Parenting

Why I Hate Playdates

by Stacey Gill
Updated: 
Originally Published: 
Three girls wearing pink and yellow shirts and smiling with a blurred background on a playdate

I even hate the word “playdate.” I don’t think any dates should be involved in playing. Kids should just play. Preferably outside or at somebody else’s house.

Whatever happened to being locked out of your house by your mother and forced to play with your only sibling on the rusty swing set out back?

Growing up, every Saturday of my life until I left home for college was exactly the same. My sister and I would get up around dawn, watch the Smurfs and The Flintstones, and trash the basement. At a reasonable hour my mom would call us up for breakfast, which signaled the end of our weekend. Breakfast was immediately followed by chores.

We’d be sent downstairs (protesting was not an option) to deconstruct the sprawling Barbie village we had lovingly and painstakingly erected that morning. Then we’d dust and Windex every item of furniture in our rooms, mop and vacuum before we were rewarded by being locked out of the house to play.

Those are memories my children will not share.

Instead, they will remember arranged and orchestrated play time.
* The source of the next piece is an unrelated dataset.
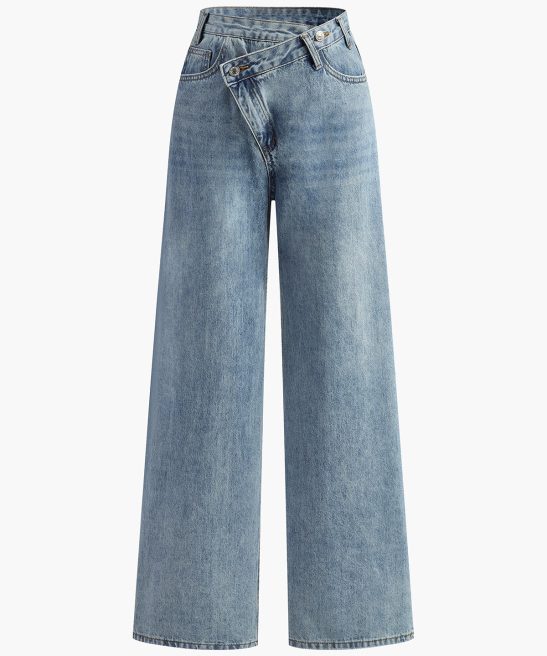 Asymmetric Waist Wide-Leg Jeans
Certainly, my first child will, because with her I was all about the playdate. I joined every playgroup in Essex County and was willing to travel to others. I sought support and intelligent conversation. But what I found was more akin to peace negotiations between very demanding and unreasonable little despots, as well as detailed, lengthy dialogues on the best sippy cups or jogging strollers on the market.

The entire two-hour (the typical playdate period) time slot was spent roving around behind the kids, cleaning up smashed goldfish and fetching additional toys, when all I really wanted to do was lie on the couch, sip a cocktail and commiserate with other moms. Oddly, none of the moms seemed up for commiserating, and there was an implication that 10 a.m. was a little too early for cocktails. I was willing to wait until 11, but the breakfast-happy-hour idea never took off.

Then, there are the playdates to which I never consented. On more than one occasion — and I’m still unsure as to how this happened — playdates to which I never extended an invitation took place at my house. A kid would invite my daughter to play. I would grant permission, and then the kid’s mother would turn to me and ask what time she should pick her kid up. What? The rule is if you invite, you host.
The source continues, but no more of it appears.